Are their specific types of collections identified at these institutions that the grant team will be most interested in researching?
We’re fairly agnostic as to the collection types our network participants will be discussing, and the uses they make of AI. There are archival collections in the form of digital or digitized photographs in need of tagging (as described above from the UK Science Museum Group); massive digital library collections that are largely intelligible only through machine-enhanced methods (such as those presented by my own organization, HathiTrust); AI-enhanced public and visitor-facing services (such as are being explored by the Frick Collection); and many others that will arise in the course of the six international workshops we have planned.
For the final report, what kind of output do you expect will be included?
As described earlier, the final report will depend strongly on what our case studies, our workshops, and the conversations surrounding them happen to reveal.

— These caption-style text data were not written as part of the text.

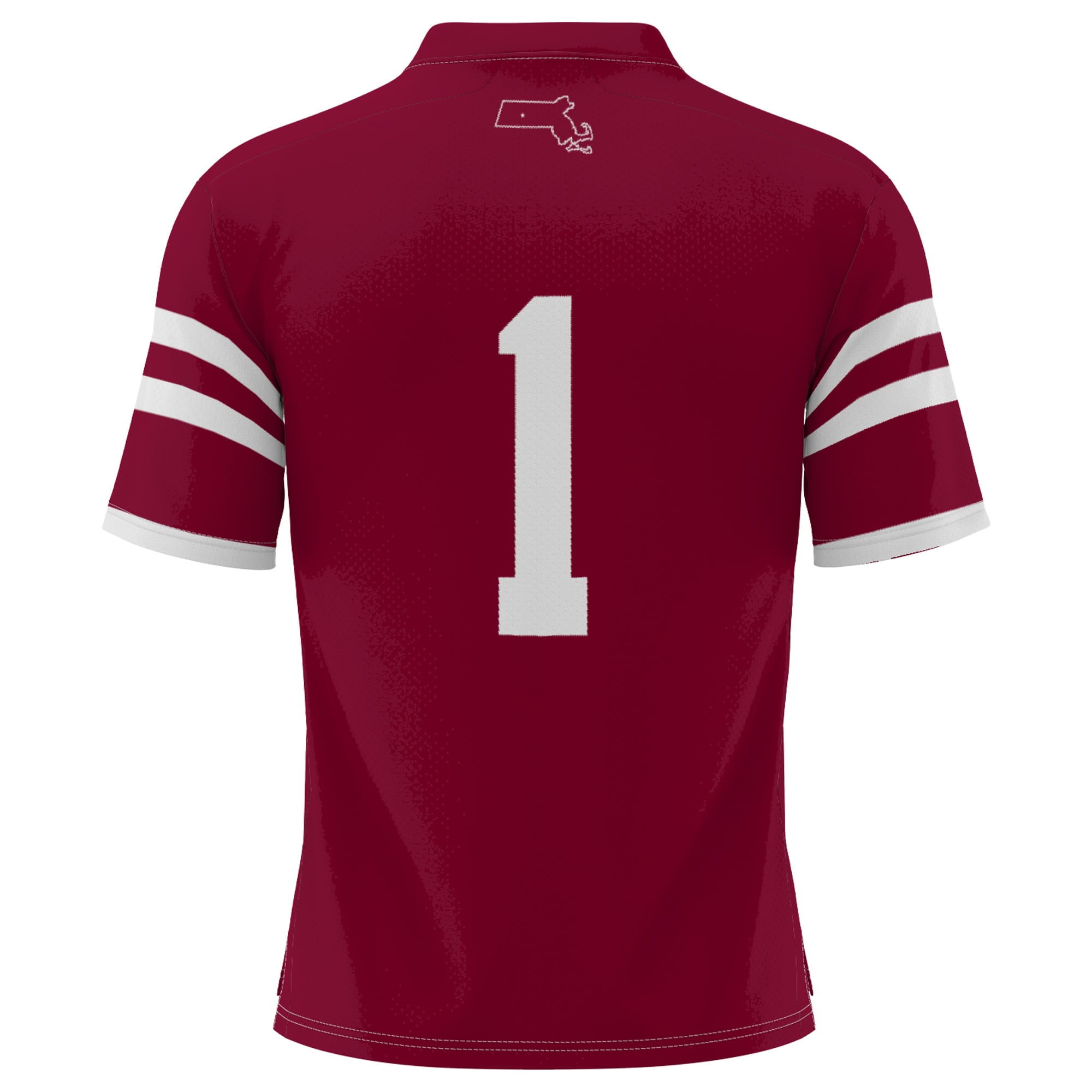 #1 UMass Minutemen Youth Football Jersey Maroon - back view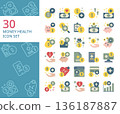 set of 30 money health flat icon 136187887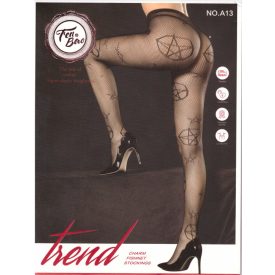 Nagy méretű pentagram mintás fishnet harisnya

We don’t have a predetermined set of outcomes or set agenda, aside from our shared philosophy of exploration, access, critique, and a strong desire to ensure that our uses of AI are ethical and true both to the missions of our various cultural heritage organizations and to the norms of humanities scholarship.
Would you have any suggestions for best practices to recommend for practitioners looking to embark on AI integration into their work?

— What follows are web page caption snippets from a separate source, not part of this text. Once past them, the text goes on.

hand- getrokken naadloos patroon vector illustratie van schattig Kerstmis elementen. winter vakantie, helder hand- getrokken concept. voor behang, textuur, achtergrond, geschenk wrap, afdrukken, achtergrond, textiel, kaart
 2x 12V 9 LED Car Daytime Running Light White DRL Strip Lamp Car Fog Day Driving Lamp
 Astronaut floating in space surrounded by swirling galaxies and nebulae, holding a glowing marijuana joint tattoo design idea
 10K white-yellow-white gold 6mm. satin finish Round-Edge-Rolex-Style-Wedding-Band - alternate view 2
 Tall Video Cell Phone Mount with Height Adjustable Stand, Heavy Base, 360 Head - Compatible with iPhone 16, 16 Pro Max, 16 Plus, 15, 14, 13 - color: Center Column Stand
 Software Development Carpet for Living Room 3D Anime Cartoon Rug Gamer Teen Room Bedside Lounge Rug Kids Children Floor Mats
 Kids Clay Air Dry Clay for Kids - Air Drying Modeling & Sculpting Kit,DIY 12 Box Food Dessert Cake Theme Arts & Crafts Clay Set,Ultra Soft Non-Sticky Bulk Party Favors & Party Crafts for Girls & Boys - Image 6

Come to our workshops, and stay tuned for our case studies and final white paper as they’re published over the next 18 months!

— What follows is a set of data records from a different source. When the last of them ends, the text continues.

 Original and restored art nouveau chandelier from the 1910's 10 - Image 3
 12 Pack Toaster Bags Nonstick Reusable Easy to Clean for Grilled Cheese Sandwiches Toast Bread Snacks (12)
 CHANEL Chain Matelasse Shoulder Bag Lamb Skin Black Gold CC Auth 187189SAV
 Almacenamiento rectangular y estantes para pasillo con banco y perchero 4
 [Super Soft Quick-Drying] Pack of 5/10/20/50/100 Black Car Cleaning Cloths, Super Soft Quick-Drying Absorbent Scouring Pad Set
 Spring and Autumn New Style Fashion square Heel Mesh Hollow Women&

Although many of our institutions may seem very “advanced” in their use of AI to those who haven’t yet embarked on it, “advanced” is a concept that I try always to use cautiously, and often even ironically: I don’t believe in a sort of teleological end-goal or prescribed “path forward” for AI that all cultural heritages should strive to follow.
That also means that nobody is actually “behind” in any of these activities! Embark on “AI integration” if you will — if the topic and the methods themselves are of interest, or if you truly believe that your collections and their users can benefit, or even if you just want to experiment to find out whether they can benefit! But do it thoughtfully, critically, and in collaboration with the growing AI and cultural heritage community of which our AEOLIAN Network is a part.
I’m also interested in how this project came about, and if there are any related projects or research you would like to include here.
Our PI in United Kingdom, Dr. Lise Jaillant of Loughborough University, leads a similarly-themed project in the UK and Republic of Ireland called AURA: Archives in the UK and Republic of Ireland & AI. The AEOLIAN Network is very much a trans-Atlantic expansion of the AURA Network, and a continuation of its work and mission.
Special thank you to Mr. Worthey for his time participating in the email interview, and I am quite excited to participate in the remaining workshops.
Virginia Dressler is the Digital Projects Librarian at Kent State University. Her specialty areas are project management and digitization, working primarily with the university’s unique collections. She holds a Master’s of Library and Information Science from Kent State University (2007), a Master’s of the Arts in Art Gallery and Museum Studies from the University of Leeds (2003) and a certificate in advanced librarianship (digital libraries) from Kent State University (2014). Her research areas include privacy in digital collections and the Right to be Forgotten. She is author of Framing Privacy in Digital Collections with Ethical Decision Making (Morgan & Claypool, 2018).